What then is the rule, and what the degree in which taxes can be
imposed by the states on moneyed capital in the hands of individual
citizens?
So far as that capital consists of ordinary funds or securities
acquired or held under the laws of the states, the measure of
taxation must necessarily be determined by the discretion of the
state legislature. The responsibility of their members to the
people, their own interests in common with those of their
constituents, their knowledge, their justice, and their wisdom must
be relied on for security against injustice. But so far as that
capital consists of bonds or other securities of the United States,
it cannot be taxed at all by state authority in the hands of
individual citizens. That portion is exempted by the Constitution
as interpreted by this Court in the cases already cited.
Here, then, we have the common rule and common degree of
taxation applicable alike to shares in national banking
associations and to moneyed capital in the hands of individuals.
That proportion of each which is liable to taxation must be taxed
alike; that proportion of each which is exempt under the
Constitution must not be taxed at all by state authority. Taxation
of the former by no greater rate
Page 70 U. S. 598
than the latter means equal taxation for both. Any construction
of the proviso which denies the same exemptions to the proportion
of the shares invested in national securities, which it concedes to
the like proportion of other moneyed capital invested in like
manner, seems to us manifestly at variance with the declared
intention of Congress.
But it is insisted that the shares of capital may be taxed by
another rule than that which governs the taxation of other moneyed
capital because of something peculiar in the nature of shares. It
is said that the association owns the capital, and that the
shareholders have no control over this property except through the
choice of officers, directors, or agents, and no right to the
property except the right to receive a due proportion of the
earnings of the association while it exists, and a similar
proportion of the property after its dissolution.
It is true that the shareholder has no right to the possession
of any part of the corporate property while the corporation exists
and its affairs are honestly managed. He has committed his
interest, for a time, to the possession and control of the
corporation of which he is a member, and he has only a member's
voice in the management of it.
So a man who has leased a farm has no right to possession or
control during the lease -- but who denies his property in the
farm? And if a dozen owners join in the lease, has not each one an
interest in the property to the extent of one-twelfth?
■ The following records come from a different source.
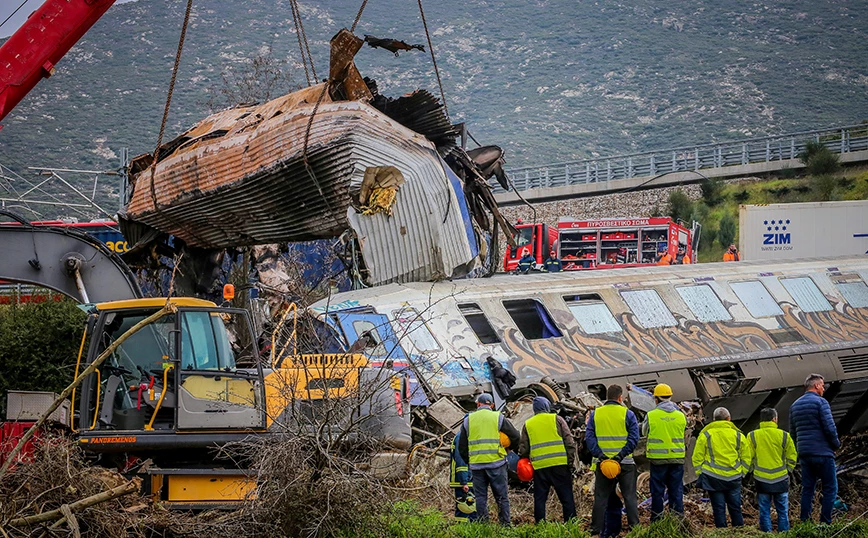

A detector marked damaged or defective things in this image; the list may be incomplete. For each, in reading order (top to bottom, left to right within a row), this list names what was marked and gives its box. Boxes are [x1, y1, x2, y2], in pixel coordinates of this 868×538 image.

broken window frame [458, 302, 498, 344]
broken window frame [498, 298, 568, 340]
broken window frame [564, 294, 624, 330]
broken window frame [624, 288, 680, 326]
broken window frame [676, 282, 728, 320]
broken window frame [728, 278, 784, 316]
broken window frame [780, 276, 836, 310]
So if for the time the property of the shareholder is placed
beyond his direct control and converted into property of the
association, how can that circumstance affect the intrinsic
character of his shares as shares of the whole corporate property?
How can a man's shares of any property be the subject of valuation
at all if not with reference to the amount and productiveness of
the property of which they are a part? What value can they have
except that given them by that amount and that productiveness? A
certificate of title to a share is not a share. It is evidence of
the shareholder's interest. His interest may be transferred by the
transfer of
Page 70 U. S. 599
the certificate, but it is not the certificate that is valued
when the worth of the share is estimated either by the speculator
in the market or by the tax assessor. It is the property which it
represents that is valued, by the speculator often with reference
to speculation only, but by the public officer always, if he does
his duty, by the real worth of the property, all things
considered.
It is said also that the taxation of the shares by the states
was intended as part of the price of the privileges granted to the
associations by Congress, and especially for the new use allowed to
be made of the bonds by depositing them as security for the
redemption of the circulating notes issued to the associations by
the government.
But while we see privileges granted in the act to these
associations in order that they may fulfill the public purposes of
their organization, and while we see that these privileges may
enhance the value of the capital invested and consequently the
value of the shares, we see no new use allowed to be made of the
bonds. It has been common in many states of late years to require
banks of circulation to secure prompt redemption by securities
deposited with the state officers, and among such securities
preference is usually given to bonds of the United States. But this
is for the benefit and security of the note holders, not of the
banks. The requirement restricts, rather than increases, the amount
of their circulation.
These privileges, moreover, and the new use, if there be one,
are granted directly to the associations and only indirectly to the
shareholders, and if the right to tax is to be inferred from
consent manifested by organization under the act, the tax should be
imposed on the capital of the associations, rather than upon the
shares. And we may remark also that the imagined new use is
restricted to the limited amount of bonds required as security for
circulation, while the greater part of the bonds, held by the
associations, are not so pledged at all, and no such reason as new
use or special privileges can be alleged for denying exemption to
them.
It is worthy of notice that the banks of New York, whose
Page 70 U. S. 600
claim to the exemption of the bonds held by them from state
taxation was held valid by the two decisions we have cited, were
organized upon the same principles with the national banking
associations which now claim a similar exemption. The same
privileges, substantially, were conferred on those institutions by
the laws of New York as are conferred on these by act of Congress.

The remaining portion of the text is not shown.